Kramer declined to speculate on what the outcome of the case will be, but he said he had “proved what we needed to prove to be successful.”
Belief in Israel
Bass said he is a strong supporter of Israel but is critical of the way Messianic Jews are treated in the country.
“Israel opposes the gospel, and these events show this to be true,” he said. Referring to Israel, Bass paraphrased Stephen, one of Christianity’s early martyrs, “‘You always resist the Spirit of God.’ What Stephen said was true.”
Kramer said that the lawsuit is not against the State of Israel or the Jewish people, but rather for freedom of religion.
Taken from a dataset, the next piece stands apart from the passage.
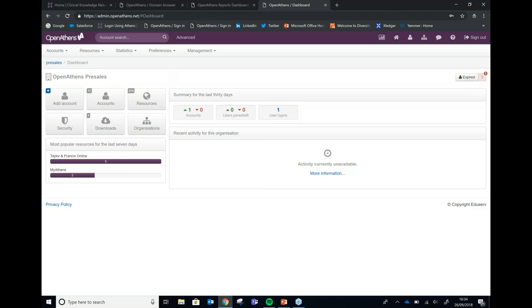That's the introduction to OpenAthens. Hopefully you can see just how simple it is to use — it gives control back to the library, provides really good results and statistics from your usage, and helps you gain a much better understanding of your users and how they are engaged with the library.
“It has to do with a violation of rights of individuals to worship in accordance with the basic tenants of their faith and to practice their faith in accordance with their beliefs in accordance with law,” he said.
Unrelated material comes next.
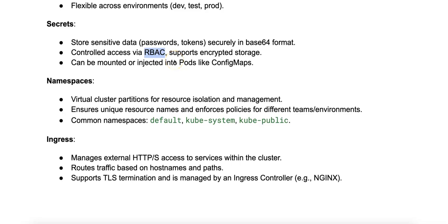In terms of usage, secrets can be injected into pods as environment variables, or mounted as files similar to ConfigMaps. It provides data encryption, so Kubernetes supports encrypting secrets at rest to enhance security.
Bass’ lawsuit is just one of many legal troubles Yad L’Achim is facing. In February, the Jerusalem Institute of Justice (JIJ), a civil rights advocacy group, filed a petition asking Attorney General Yehuda Weinstein to declare Yad L’Achim a terrorist organization and order that it be dismantled.
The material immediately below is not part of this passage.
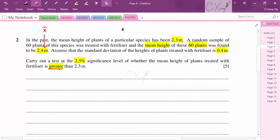We carry out a test at 2.5% significance level whether the mean height of plants treated with fertilizer is greater than 2.3 m. The keyword 'greater than' forms our alternative hypothesis. The sample size is large (n = 60), so by the central limit theorem the sampling distribution is approximately normal and we can use a z-test.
In the 24-page document Caleb Myers, an attorney for JIJ, outlined numerous incidences in which Yad L’Achim or those linked with it had “incited hatred, racism, violence and terror.” The document cited instances of persecution against Christians, as well as kidnappings of Jewish women from their Arab partners.
“Israel is a ‘Jewish and democratic’ state, while the actions of Yad L’Achim are not consistent with either the noble values of Judaism or the values of democracy,” the petition read. “Not to mention the fact that it is a country that arose on the ashes of a people that was persecuted for its religion, and has resolved since its establishment to bear the standard of full equality, without discrimination on the basis of gender, race, religion or nationality.”
According to the document, Yad L’Achim went after people it viewed as enemies of ultra-orthodox Judaism. The group particularly targeted Messianic Jews and other Christians.
“Yad L’Achim refers to ‘missionary activity’ as if it was the worst of criminal offenses and often arouses fear of this activity,” the document read. “It should be noted that in the State of Israel there is no prohibition against ‘missionary activity’ as the dissemination of religion and/or faith among members of other religions/faiths, unless such activity solicits religious conversion, as stated in various sections of the Penal Code, which bans the solicitation of religious conversion among minors, or among adults by offering bribes. Furthermore, the organization often presents anyone belonging to the Christian religion, in all its forms, as a ‘missionary,’ even if he does not work to spread his religion.”
Particularly damning in the document was reported testimony gleaned from Jack Teitel. Teitel, accused of planting a bomb on March 20, 2008 that almost killed the teenage son of a Messianic Jewish pastor, told authorities that he worked with Yad L’Achim.
“He was asked to talk about his activity in Yad L’Achim and related that for some five years he was active in the organization, and on average he helped to rescue about five women each year,” the document read, using the Yad L’Achim term “rescue” to refer to kidnapping.
The 2008 bombing severely injured Ami Ortiz, then 15, but after 20 months he had largely recovered.
Teitel, who said Ortiz family members were “missionaries trying to capture weak Jews,” has been indicted on two cases of pre-meditated murder, three cases of attempted murder, carrying a weapon, manufacturing a weapon, possession of illegal weapons and incitement to commit violence.
In interviews with the Israeli media, Yad L’Achim Chairman Rabbi Shalom Dov Lifshitz said his organization wasn’t connected with the attacks of the Ortiz family or with Teitel.